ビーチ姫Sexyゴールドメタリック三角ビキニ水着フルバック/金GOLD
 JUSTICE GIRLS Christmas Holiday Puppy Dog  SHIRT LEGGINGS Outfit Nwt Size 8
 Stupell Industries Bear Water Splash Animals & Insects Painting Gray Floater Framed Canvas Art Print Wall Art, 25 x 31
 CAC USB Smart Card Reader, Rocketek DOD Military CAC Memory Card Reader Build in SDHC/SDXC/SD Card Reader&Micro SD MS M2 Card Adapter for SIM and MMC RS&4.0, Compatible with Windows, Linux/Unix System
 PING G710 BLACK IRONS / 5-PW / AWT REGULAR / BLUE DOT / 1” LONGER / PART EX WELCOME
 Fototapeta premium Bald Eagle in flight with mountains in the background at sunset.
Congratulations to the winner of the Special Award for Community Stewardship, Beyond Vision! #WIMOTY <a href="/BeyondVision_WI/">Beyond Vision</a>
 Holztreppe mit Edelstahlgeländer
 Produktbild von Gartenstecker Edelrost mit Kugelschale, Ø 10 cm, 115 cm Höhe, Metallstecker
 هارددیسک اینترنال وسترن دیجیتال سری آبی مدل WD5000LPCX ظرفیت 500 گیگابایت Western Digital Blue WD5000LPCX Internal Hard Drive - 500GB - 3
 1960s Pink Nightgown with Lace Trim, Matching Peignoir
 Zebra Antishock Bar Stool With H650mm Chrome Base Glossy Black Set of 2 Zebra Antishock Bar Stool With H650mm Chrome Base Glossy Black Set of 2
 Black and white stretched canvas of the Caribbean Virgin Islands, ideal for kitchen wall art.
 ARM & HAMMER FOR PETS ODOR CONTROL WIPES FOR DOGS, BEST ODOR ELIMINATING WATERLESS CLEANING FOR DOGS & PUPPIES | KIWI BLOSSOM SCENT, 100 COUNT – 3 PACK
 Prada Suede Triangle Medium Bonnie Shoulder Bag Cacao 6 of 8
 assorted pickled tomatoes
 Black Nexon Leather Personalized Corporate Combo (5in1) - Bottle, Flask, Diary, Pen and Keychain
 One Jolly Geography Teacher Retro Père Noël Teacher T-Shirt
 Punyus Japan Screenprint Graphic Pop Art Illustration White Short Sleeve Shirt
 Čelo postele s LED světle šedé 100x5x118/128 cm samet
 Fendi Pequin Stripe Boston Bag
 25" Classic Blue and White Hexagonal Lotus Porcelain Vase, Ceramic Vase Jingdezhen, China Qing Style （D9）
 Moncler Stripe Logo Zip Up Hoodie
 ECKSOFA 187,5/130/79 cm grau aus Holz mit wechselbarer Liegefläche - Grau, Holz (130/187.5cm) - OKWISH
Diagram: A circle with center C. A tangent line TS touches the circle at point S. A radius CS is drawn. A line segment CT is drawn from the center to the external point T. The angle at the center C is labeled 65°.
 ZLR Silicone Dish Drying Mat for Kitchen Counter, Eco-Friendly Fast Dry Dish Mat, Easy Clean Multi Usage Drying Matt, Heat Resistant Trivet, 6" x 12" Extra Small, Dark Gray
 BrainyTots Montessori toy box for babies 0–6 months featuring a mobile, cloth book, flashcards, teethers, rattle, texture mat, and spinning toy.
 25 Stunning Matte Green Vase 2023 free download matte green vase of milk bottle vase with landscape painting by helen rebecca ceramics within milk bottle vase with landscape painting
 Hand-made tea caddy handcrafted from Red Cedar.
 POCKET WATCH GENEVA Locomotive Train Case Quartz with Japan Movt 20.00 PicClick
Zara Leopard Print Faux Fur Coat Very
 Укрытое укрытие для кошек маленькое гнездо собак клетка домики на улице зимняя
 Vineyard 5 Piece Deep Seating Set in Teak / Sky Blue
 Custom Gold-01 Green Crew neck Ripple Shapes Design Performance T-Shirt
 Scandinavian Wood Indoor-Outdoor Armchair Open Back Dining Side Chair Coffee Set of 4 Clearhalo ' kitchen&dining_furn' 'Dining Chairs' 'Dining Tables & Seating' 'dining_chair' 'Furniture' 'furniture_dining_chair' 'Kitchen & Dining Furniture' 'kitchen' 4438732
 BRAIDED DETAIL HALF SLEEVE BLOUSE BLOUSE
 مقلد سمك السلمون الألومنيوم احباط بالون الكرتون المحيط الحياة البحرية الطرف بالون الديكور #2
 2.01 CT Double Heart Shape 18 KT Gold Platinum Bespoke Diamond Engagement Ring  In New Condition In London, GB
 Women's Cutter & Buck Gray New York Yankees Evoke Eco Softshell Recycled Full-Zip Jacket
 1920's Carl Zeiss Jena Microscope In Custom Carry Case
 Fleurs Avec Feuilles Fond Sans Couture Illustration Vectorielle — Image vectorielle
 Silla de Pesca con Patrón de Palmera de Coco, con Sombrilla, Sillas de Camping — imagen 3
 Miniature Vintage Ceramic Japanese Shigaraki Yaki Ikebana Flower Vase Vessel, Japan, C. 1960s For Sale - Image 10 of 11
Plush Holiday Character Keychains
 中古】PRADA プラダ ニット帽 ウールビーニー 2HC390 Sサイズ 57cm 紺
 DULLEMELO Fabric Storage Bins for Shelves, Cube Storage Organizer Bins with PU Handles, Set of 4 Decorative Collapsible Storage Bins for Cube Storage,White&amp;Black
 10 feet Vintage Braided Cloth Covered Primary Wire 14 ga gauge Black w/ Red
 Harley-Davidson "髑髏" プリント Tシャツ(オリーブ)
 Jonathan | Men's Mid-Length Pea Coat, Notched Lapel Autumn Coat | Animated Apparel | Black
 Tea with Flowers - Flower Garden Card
======
◆ What you should do:
Copy out every record exactly.

◆ Solution:
ビーチ姫Sexyゴールドメタリック三角ビキニ水着フルバック/金GOLD
 JUSTICE GIRLS Christmas Holiday Puppy Dog  SHIRT LEGGINGS Outfit Nwt Size 8
 Stupell Industries Bear Water Splash Animals & Insects Painting Gray Floater Framed Canvas Art Print Wall Art, 25 x 31
 CAC USB Smart Card Reader, Rocketek DOD Military CAC Memory Card Reader Build in SDHC/SDXC/SD Card Reader&Micro SD MS M2 Card Adapter for SIM and MMC RS&4.0, Compatible with Windows, Linux/Unix System
 PING G710 BLACK IRONS / 5-PW / AWT REGULAR / BLUE DOT / 1” LONGER / PART EX WELCOME
 Fototapeta premium Bald Eagle in flight with mountains in the background at sunset.
Congratulations to the winner of the Special Award for Community Stewardship, Beyond Vision! #WIMOTY <a href="/BeyondVision_WI/">Beyond Vision</a>
 Holztreppe mit Edelstahlgeländer
 Produktbild von Gartenstecker Edelrost mit Kugelschale, Ø 10 cm, 115 cm Höhe, Metallstecker
 هارددیسک اینترنال وسترن دیجیتال سری آبی مدل WD5000LPCX ظرفیت 500 گیگابایت Western Digital Blue WD5000LPCX Internal Hard Drive - 500GB - 3
 1960s Pink Nightgown with Lace Trim, Matching Peignoir
 Zebra Antishock Bar Stool With H650mm Chrome Base Glossy Black Set of 2 Zebra Antishock Bar Stool With H650mm Chrome Base Glossy Black Set of 2
 Black and white stretched canvas of the Caribbean Virgin Islands, ideal for kitchen wall art.
 ARM & HAMMER FOR PETS ODOR CONTROL WIPES FOR DOGS, BEST ODOR ELIMINATING WATERLESS CLEANING FOR DOGS & PUPPIES | KIWI BLOSSOM SCENT, 100 COUNT – 3 PACK
 Prada Suede Triangle Medium Bonnie Shoulder Bag Cacao 6 of 8
 assorted pickled tomatoes
 Black Nexon Leather Personalized Corporate Combo (5in1) - Bottle, Flask, Diary, Pen and Keychain
 One Jolly Geography Teacher Retro Père Noël Teacher T-Shirt
 Punyus Japan Screenprint Graphic Pop Art Illustration White Short Sleeve Shirt
 Čelo postele s LED světle šedé 100x5x118/128 cm samet
 Fendi Pequin Stripe Boston Bag
 25" Classic Blue and White Hexagonal Lotus Porcelain Vase, Ceramic Vase Jingdezhen, China Qing Style （D9）
 Moncler Stripe Logo Zip Up Hoodie
 ECKSOFA 187,5/130/79 cm grau aus Holz mit wechselbarer Liegefläche - Grau, Holz (130/187.5cm) - OKWISH
Diagram: A circle with center C. A tangent line TS touches the circle at point S. A radius CS is drawn. A line segment CT is drawn from the center to the external point T. The angle at the center C is labeled 65°.
 ZLR Silicone Dish Drying Mat for Kitchen Counter, Eco-Friendly Fast Dry Dish Mat, Easy Clean Multi Usage Drying Matt, Heat Resistant Trivet, 6" x 12" Extra Small, Dark Gray
 BrainyTots Montessori toy box for babies 0–6 months featuring a mobile, cloth book, flashcards, teethers, rattle, texture mat, and spinning toy.
 25 Stunning Matte Green Vase 2023 free download matte green vase of milk bottle vase with landscape painting by helen rebecca ceramics within milk bottle vase with landscape painting
 Hand-made tea caddy handcrafted from Red Cedar.
 POCKET WATCH GENEVA Locomotive Train Case Quartz with Japan Movt 20.00 PicClick
Zara Leopard Print Faux Fur Coat Very
 Укрытое укрытие для кошек маленькое гнездо собак клетка домики на улице зимняя
 Vineyard 5 Piece Deep Seating Set in Teak / Sky Blue
 Custom Gold-01 Green Crew neck Ripple Shapes Design Performance T-Shirt
 Scandinavian Wood Indoor-Outdoor Armchair Open Back Dining Side Chair Coffee Set of 4 Clearhalo ' kitchen&dining_furn' 'Dining Chairs' 'Dining Tables & Seating' 'dining_chair' 'Furniture' 'furniture_dining_chair' 'Kitchen & Dining Furniture' 'kitchen' 4438732
 BRAIDED DETAIL HALF SLEEVE BLOUSE BLOUSE
 مقلد سمك السلمون الألومنيوم احباط بالون الكرتون المحيط الحياة البحرية الطرف بالون الديكور #2
 2.01 CT Double Heart Shape 18 KT Gold Platinum Bespoke Diamond Engagement Ring  In New Condition In London, GB
 Women's Cutter & Buck Gray New York Yankees Evoke Eco Softshell Recycled Full-Zip Jacket
 1920's Carl Zeiss Jena Microscope In Custom Carry Case
 Fleurs Avec Feuilles Fond Sans Couture Illustration Vectorielle — Image vectorielle
 Silla de Pesca con Patrón de Palmera de Coco, con Sombrilla, Sillas de Camping — imagen 3
 Miniature Vintage Ceramic Japanese Shigaraki Yaki Ikebana Flower Vase Vessel, Japan, C. 1960s For Sale - Image 10 of 11
Plush Holiday Character Keychains
 中古】PRADA プラダ ニット帽 ウールビーニー 2HC390 Sサイズ 57cm 紺
 DULLEMELO Fabric Storage Bins for Shelves, Cube Storage Organizer Bins with PU Handles, Set of 4 Decorative Collapsible Storage Bins for Cube Storage,White&amp;Black
 10 feet Vintage Braided Cloth Covered Primary Wire 14 ga gauge Black w/ Red
 Harley-Davidson "髑髏" プリント Tシャツ(オリーブ)
 Jonathan | Men's Mid-Length Pea Coat, Notched Lapel Autumn Coat | Animated Apparel | Black
 Tea with Flowers - Flower Garden Card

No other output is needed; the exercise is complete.